Hochschild calls for a "time movement," demanding relief from the universal time squeeze, in the spirit of the late-nineteenth-century crusade for an eight-hour day. Although a personal turning away from career-crazed materialism could help, this movement will require more than individual commitments to a life of voluntary simplicity; the countervailing economic pressures are simply too intense. It will also require new rights and rules. Extended paid leaves for new parents-of both genders-would be a good place to start. A normal four-day workweek would be another good innovation. Socially sponsored child care and more employee rights against arbitrary dismissal would also help. A revival of the labor movement would be the best remedy of all, since most of the specific gains of the postwar era came via the solidarity and concerted legislative pressure that unionism afforded.
T he libertarian story, depicting government and collective regulation as the enemy of individual freedom, offers an impoverished conception of liberty. It has the virtue of simplicity-cast government aside. Our story is necessarily more complex, because it acknowledges the complexity of human society. The libertarian worldview is somewhat contradictory, because it recognizes the need for norms of behavior. Indeed, many professed libertarians pride themselves on being stern parents. But the libertarian view denies that norms of behavior can ever be legitimately set by collective public action.

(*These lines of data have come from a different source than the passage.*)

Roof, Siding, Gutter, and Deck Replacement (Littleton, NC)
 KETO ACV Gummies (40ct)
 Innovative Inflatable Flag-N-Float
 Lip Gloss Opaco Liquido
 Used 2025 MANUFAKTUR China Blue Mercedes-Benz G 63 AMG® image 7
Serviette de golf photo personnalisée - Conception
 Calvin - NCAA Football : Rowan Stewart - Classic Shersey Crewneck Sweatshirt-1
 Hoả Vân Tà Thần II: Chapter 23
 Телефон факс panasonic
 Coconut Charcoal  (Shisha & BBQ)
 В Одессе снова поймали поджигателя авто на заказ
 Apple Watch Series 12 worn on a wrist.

In a libertarian society, we are free to choose-to sacrifice children or income; time or career; political integrity or political money; weapons or personal security; free trade or decent labor standards. All of these are lousy choices, and not the only ones potentially available.
In reality, regulation remains necessary to prevent races to the bottom, and to preclude invidious choices from being forced upon ordinary people. Regulation is also necessary to create oases from short-term economic pressure, so that durable social compacts can be negotiated. In rebuilding a usable liberal politics, we would do well to rehabilitate the liberating virtue of collective rules.